Dopo il grande successo del Festival della Città ideale a Palmanova, “Dialoghi” continua la sua itineranza con una nuova sessione autunnale che porterà altri sette incontri sul territorio del Friuli Venezia Giulia. Un programma che intreccia scuole e comunità locali, grazie alla collaborazione con il Polo Liceale di Gorizia: ogni autore incontrato nelle aule avrà infatti anche un momento di confronto pubblico, condotto dagli stessi studenti.
Il primo appuntamento è in programma oggi, 2 ottobre, alle ore 18.30, nella Sala consiliare di Corno di Rosazzo, in via Divisione Julia, con la “lectio magistralis” di Angelo Floramo dedicata al tema della “tenerezza”. Saggista e voce molto amata del panorama culturale regionale, il professor Floramo porta in scena una nuova “lecti” che, come nelle sue precedenti e applaudite interpretazioni, si annuncia permeata da raffinatezza, attenzione e sensibilità. Ogni suo intervento è un viaggio narrativo che unisce rigore storico e profondità umana, capace di toccare corde intime e universali. Anche questa volta, la sua capacità di intrecciare parole e visioni promette di regalare al pubblico un’esperienza intensa e coinvolgente.

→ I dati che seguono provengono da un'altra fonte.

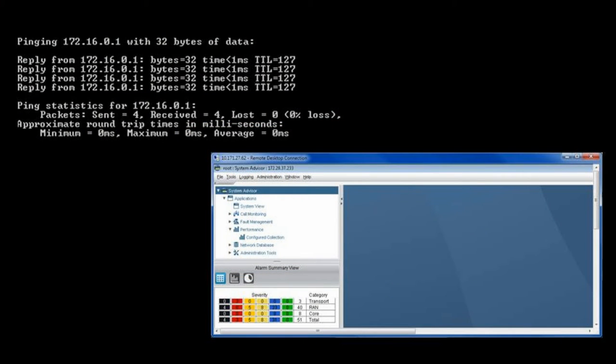Once all of this is done, you can now validate the system by pinging the IP addresses of the system hardware. The repeaters and CMSS all have web pages which you can use to check the system status.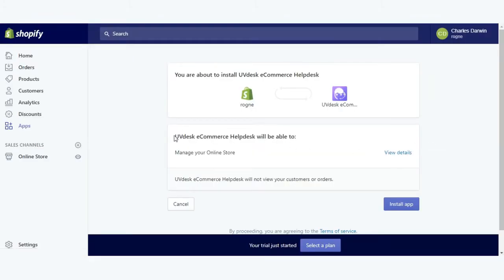Now you will see a message that uvdesk ecommerce helpdesk will be able to manage your online store, so just click on install app.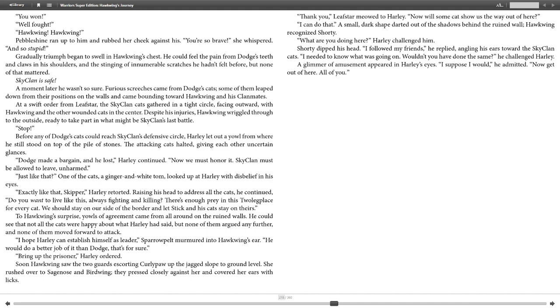"I can do that." A small dark shape darted out of the shadows behind the ruined wall. Hawkwing recognized Shorty. "What are you doing here?" Harley challenged him. Shorty dipped his head. "I followed my friends," he replied, angling his ears toward the SkyClan cats. "I needed to know what was going on. Wouldn't you have done the same?" he challenged Harley. A glimmer of amusement appeared in Harley's eyes. "I suppose I would," he admitted. "Now, get them out of here, all of you."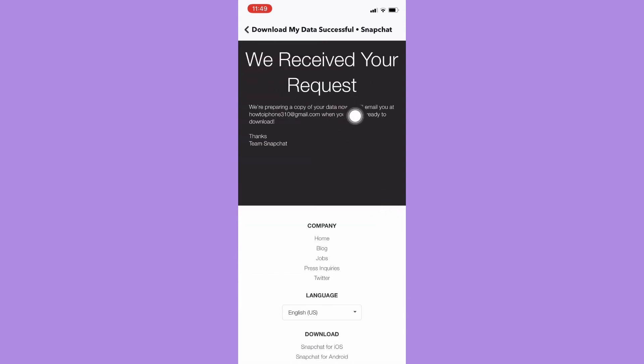You may see here we received your request. You should wait for at least 24 to 48 hours or until Snapchat will email you a file where you can see your photos. So that's it, that's how you can recover Snapchat photos.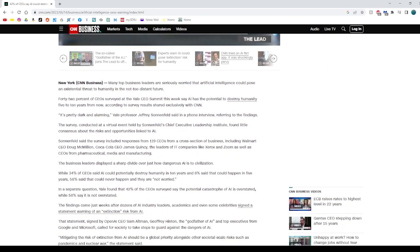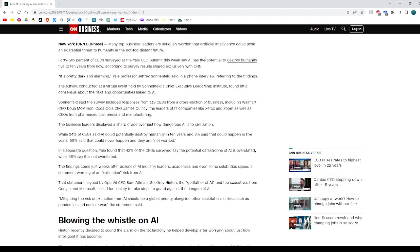So basically, a survey conducted at the Yale CEO Summit revealed that 42% of CEOs believe artificial intelligence could potentially destroy humanity within the next 5-10 years. However, there is a sharp divide among business leaders, with 58% stating they are not worried about this possibility.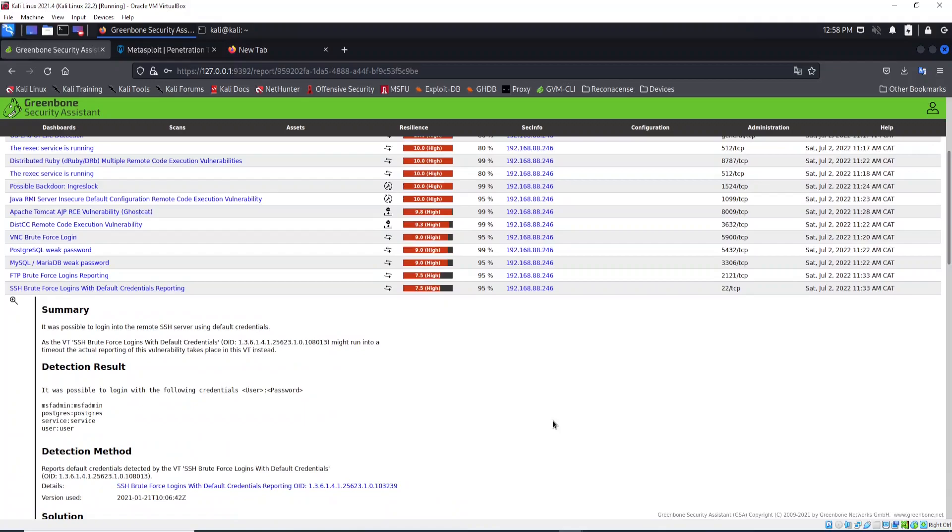To continue and finalize our exploitation to Metasploitable using SSH. SSH is a protocol that allows us to connect to a target remotely, like RDP or other protocols we can find out there.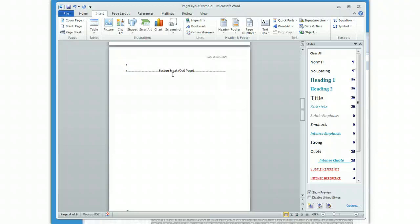It's been almost 15 minutes, so that is plenty long for this demonstration. That is how to set up a complex page layout in Microsoft Word 2010 for Windows.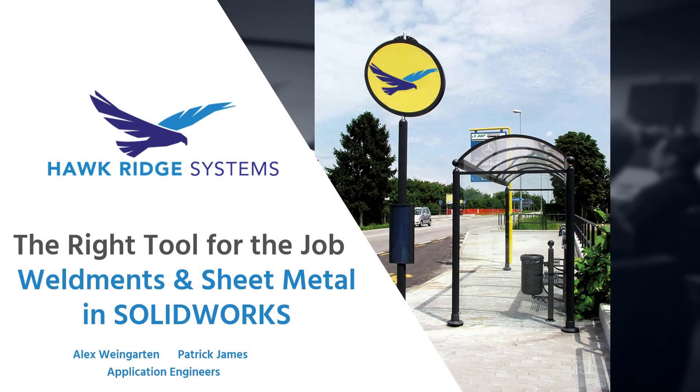Greetings. My name is Alex Weingarten with Hawk Ridge Systems, and today my fellow application engineer Patrick James and I will be showing an abridged version of our presentation, the right tool for the job, featuring weldments and sheet metal.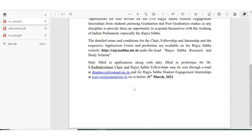That's all about the recruitment update from Rajya Sabha. If you are finding these videos useful, please give a thumbs up and share with your friends. If you want recruitment updates or subject-related videos, please subscribe to our channel. Thanks for watching and keep on watching.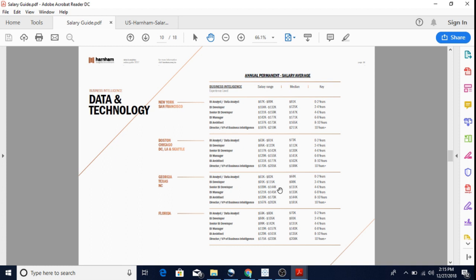Going up from there, a senior business intelligence analyst on average makes well above 2x the average household income. So in my opinion, being a BI developer in one of these smaller tier cities is a pretty big win.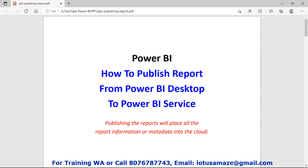Hi guys, this is Aminash Sharma and in this session we will learn how to publish the Power BI report on to Power BI service. When we publish a report on the Power BI service it means we are uploading the Power BI report on the cloud-based system so that other users sitting remotely can access that report.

La conversazione dello storico e docente sandanielese verterà, appunto, sulla “tenerezza”, un atteggiamento che implica una valutazione empatica e affettuosa dell’altro. Floramo ormai è una presenza annuale fissa nella programmazione delle attività del Circolo culturale Corno che ospita l’evento. Il relatore sarà introdotto da Renzo Furlano, presidente dell’associazione “Cultura Globale” che promuove il festival Dialoghi, dall’assessore comunale all’istruzione Sonia Paolone e dal presidente del Circolo Sergio Paroni. L’incontro con Floramo segna pure la ripresa dell’attività del sodalizio culturale dopo la pausa estiva.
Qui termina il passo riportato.